| What you are asked to do |
Retype the whole listing below exactly, keeping every picture out of it.

| Dataset |

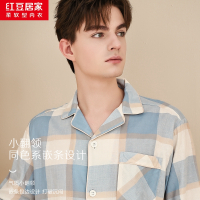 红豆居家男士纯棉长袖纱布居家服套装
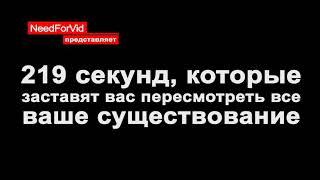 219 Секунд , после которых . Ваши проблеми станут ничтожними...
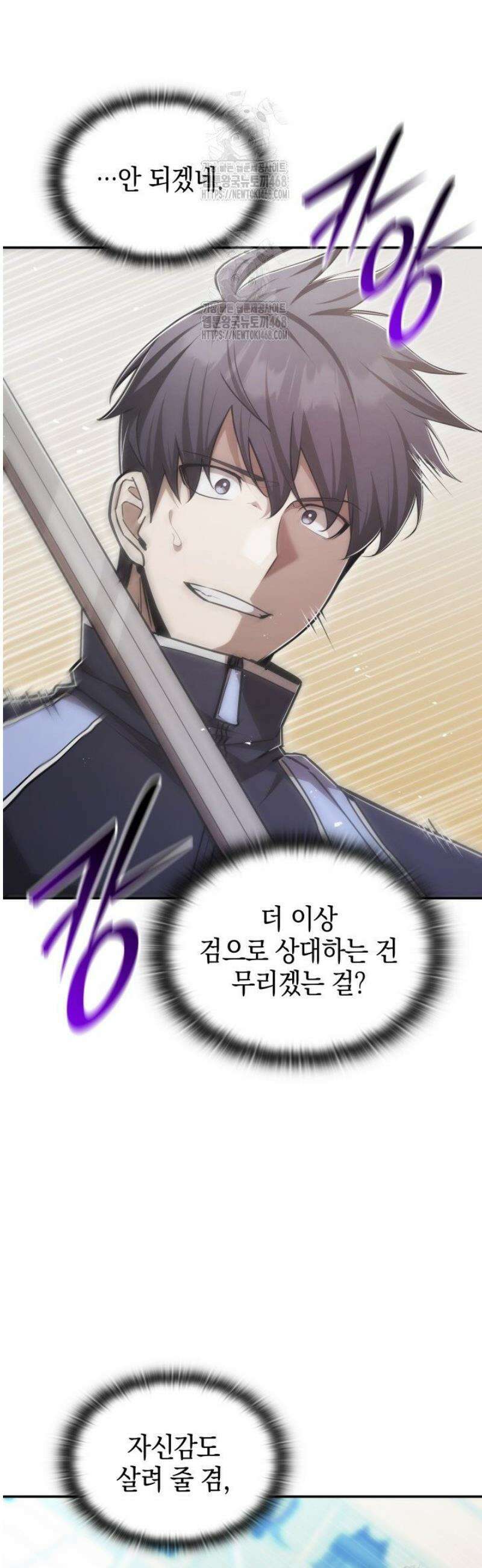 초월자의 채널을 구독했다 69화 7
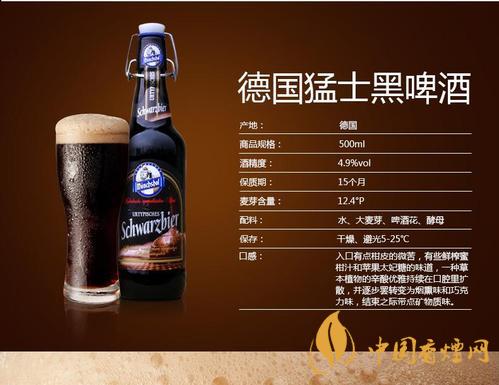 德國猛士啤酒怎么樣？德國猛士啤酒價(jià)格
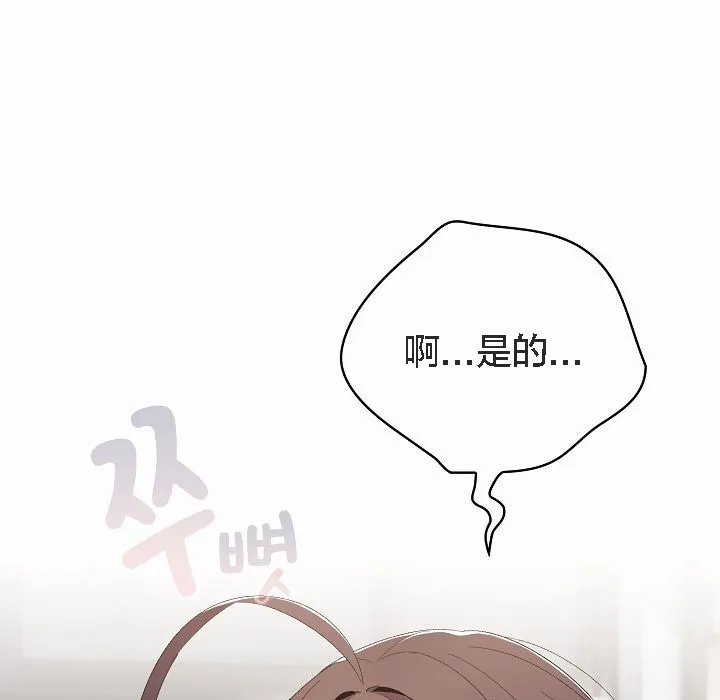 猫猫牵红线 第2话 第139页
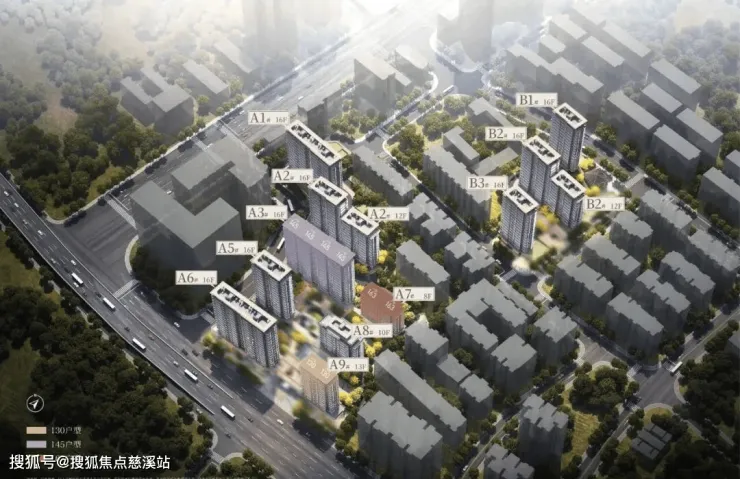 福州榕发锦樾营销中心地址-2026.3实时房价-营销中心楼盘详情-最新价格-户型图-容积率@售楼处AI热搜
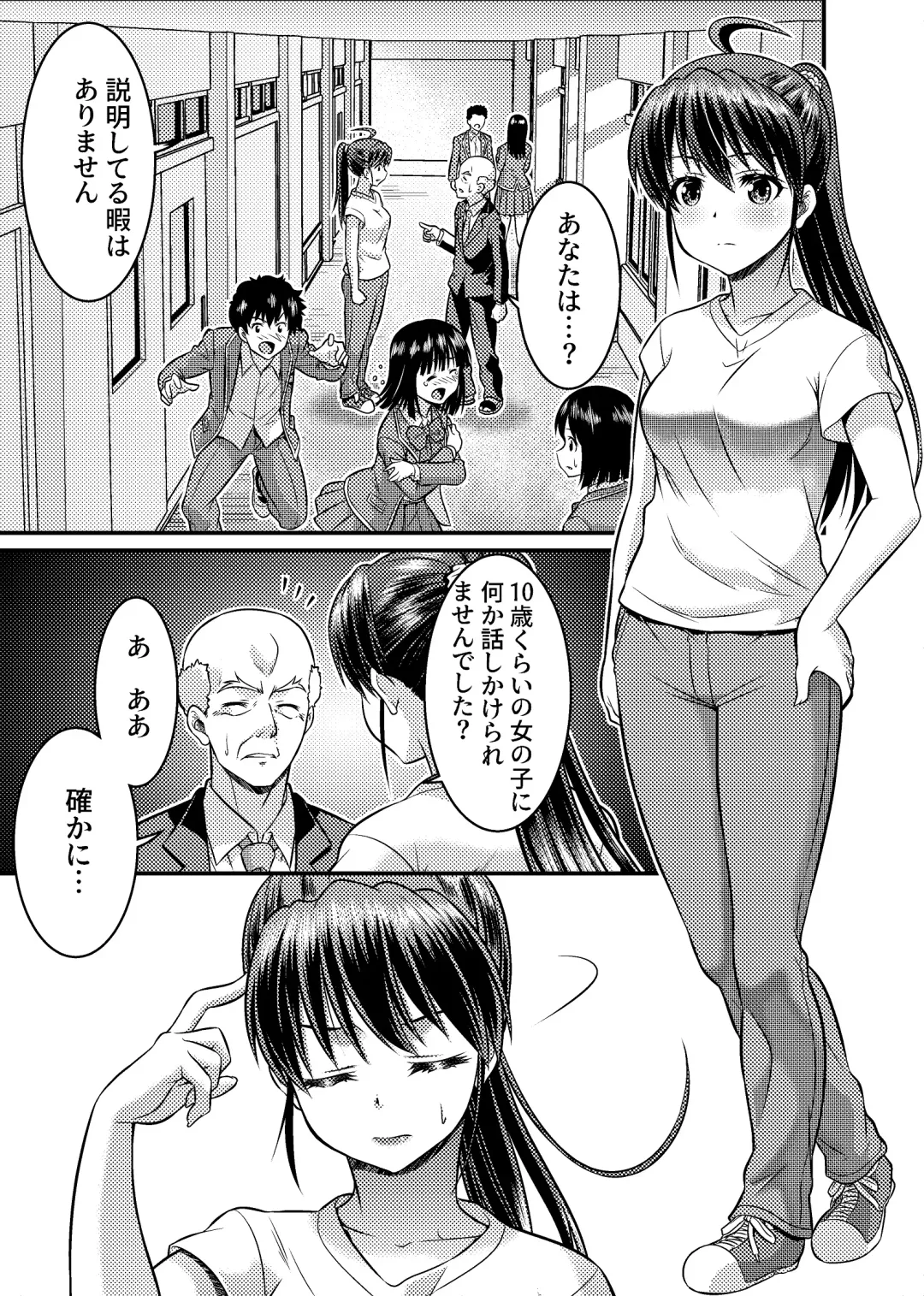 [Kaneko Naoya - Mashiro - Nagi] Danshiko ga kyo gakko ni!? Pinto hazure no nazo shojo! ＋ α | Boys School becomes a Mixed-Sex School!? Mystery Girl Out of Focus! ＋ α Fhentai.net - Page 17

| Expected answer |
 红豆居家男士纯棉长袖纱布居家服套装
 219 Секунд , после которых . Ваши проблеми станут ничтожними...
 초월자의 채널을 구독했다 69화 7
 德國猛士啤酒怎么樣？德國猛士啤酒價(jià)格
 猫猫牵红线 第2话 第139页
 福州榕发锦樾营销中心地址-2026.3实时房价-营销中心楼盘详情-最新价格-户型图-容积率@售楼处AI热搜
 [Kaneko Naoya - Mashiro - Nagi] Danshiko ga kyo gakko ni!? Pinto hazure no nazo shojo! ＋ α | Boys School becomes a Mixed-Sex School!? Mystery Girl Out of Focus! ＋ α Fhentai.net - Page 17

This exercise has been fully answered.